I’m writing a bot that scouts the fediverse for “job postings” and then allows to search for jobs on a webpage.
I’m looking for ways to “scout and index the public fediverse” more reliable and more in line with activity-pub.
First, and foremost: yes, there are social issues with indexing the fediverse. People don’t want to be indexed, some instances ban bots, others enable tech to discourage spiders and so on. This thread is not so much about discussing whether or not indexing is evil in itself. So, for the sake of this thread, let’s presume crawling and indexing can have valid use-cases, such as providing a job-board of jobs advertised on the fediverse. There are many other use-cases possible (index book-reviews, find toots that mention your brand to engage, find for users with similar interests, find people with certain interests who are looking for a job, etc). And lets presume that the indexing strategy follows the privacy settings provided by users and instances and ignores any content and profiles that don’t want to be indexed.
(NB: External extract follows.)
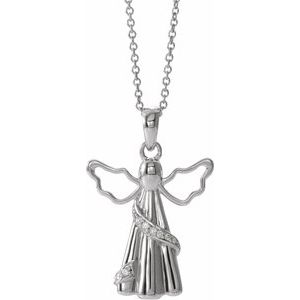 10K White Gold Round .9Mm Gh I1-I2 .03 Ctw Diamond Angel Ash Holder Necklace, Length: 18 In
Given that there are proper use-cases, how would we best attack this problem?
What my bot does now, is both naïve and flakey: it just uses the mastodon REST api of the instance (botsin.space) that it’s registered at to search for hashtags and walk over the toots in those hashtags. It does this several times a day. Additionally it follows the public websocket stream to index toots as they appear.
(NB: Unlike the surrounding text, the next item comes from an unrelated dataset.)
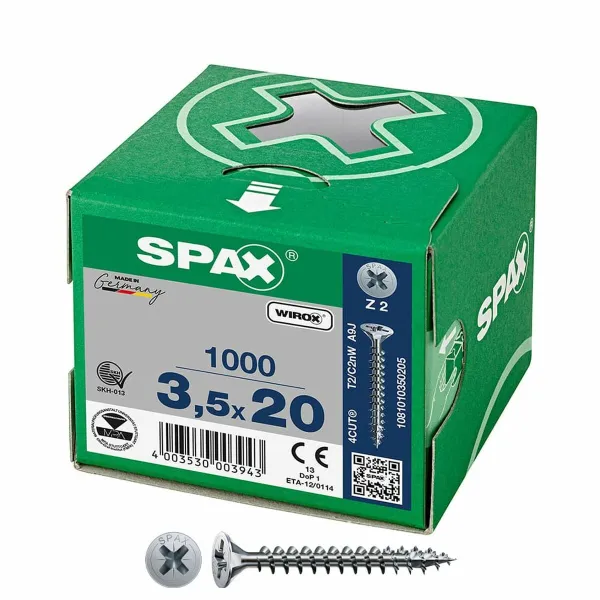 Ruuvilaatikko SPAX Wirox Z2 Litteä pää 3,5 x 20 mm 1000 Unidades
It is naïve, because it -obviously- misses a lot of content: only the content that is federated to the server the bot uses will be indexed. It is mastodon-api only, and following the websocket breaks easily, esp when we want to do this over months, not hours.
Some things I considered:
I can write (or employ) a crawler. Just and old-fashioned spider that crawls the web, and uses known fediverse servers as boundaries and as input. This seems clumsy, and requires a spider that is rather heavy, as the public side of the fediverse employs a lot of javascript to render content.
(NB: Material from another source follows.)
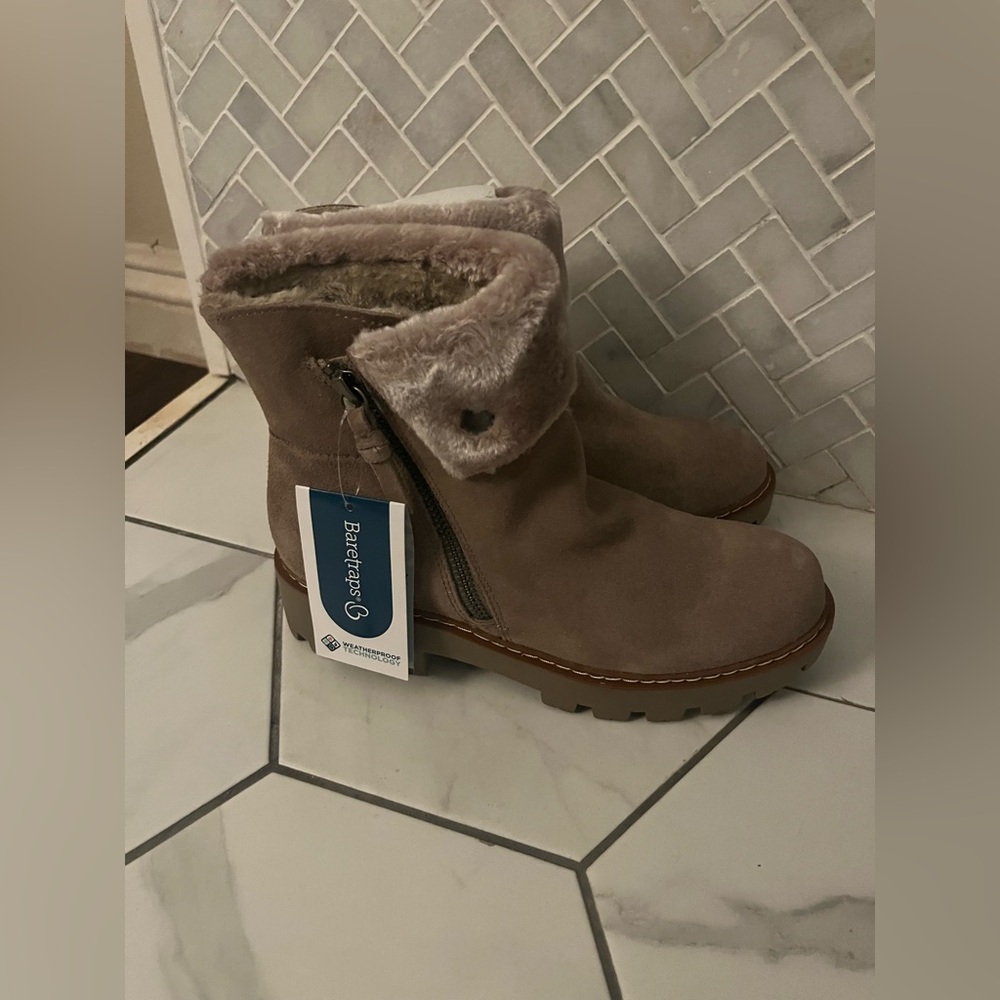 BareTraps Taupe Faux-Suede Faux-Fur Foldover Ankle Boots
I can improve stability and frequency of the current “read from the REST api” method and just accept that we’ll miss out on content.
I can build a bot that follows everyone and then starts indexing their posts as they now get federated to me. This makes it hard to distinguish “public” content from more private. I now get pushed content that mightn’t be meant to go into a (public) search index. This is frowned upon by the community, for this reason, AFAICS.
And probably some more strategies.
How would you attack this? What has been tried? Are there existing bots, crawlers or other software that tackle some of the “indexing of the fediverse” already?